As they were leaving for the summer, little did MAST students know that the same fish they saw at the end of last year would not be the same fish they saw this year. Over the summer, temperatures in the school reached over 100 degrees Fahrenheit, warping the lab table in Chemistry teacher Alain Wurmser’s classroom, causing it to tilt.
When Marine Science teacher Christina Walker discovered this, she immediately thought about the two fish tanks in English teacher Stella Crespo’s and World History teacher Calvin Webb’s classrooms, two rooms that were notorious for being warm despite the air conditioning.
It is a general rule of thumb that fish need to be in an environment between 75 to 77 degrees Fahrenheit in order to survive. If Walker had not noticed the temperature change in MAST, all the fish would have been dead on the spot.
Luckily Walker was able to find them new homes, and they are swimming safe and sound with their new owners. During the beginning of the new school year, Walker, her interns, and The Ocean Conservation Club members worked on restoring the fish tanks.
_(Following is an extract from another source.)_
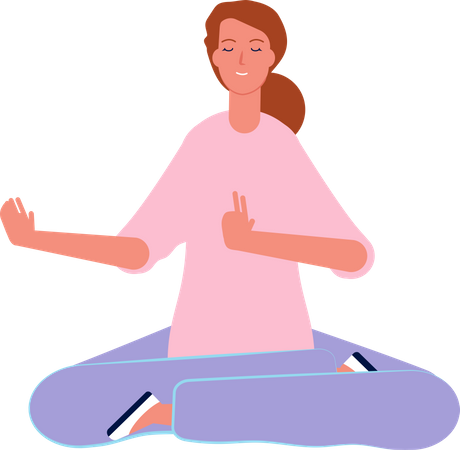 Mädchen macht Yoga-Übungen  Illustration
English teacher Lindsey Peters-Jorge has received a fish tank with plenty of goldfish swimming freely. Physical Education teacher Ruth Gutierrez has mentioned that she would like a fish tank as well, so Walker and her interns are currently working on setting one up for her.
Freshman Gabriella Suarez’s parents donated a fish tank that will be placed near Assistant Principal Dr. Maggie Rodriguez’s Office. Walker and her interns are currently setting up this tank.
What would MAST be if it weren’t for the fish tanks around the school? The fish tanks are a constant reminder to the students and staff members that our school is unique for its marine theme.
There aren’t many schools unique as ours. So look around the school for the new members of the MAST community.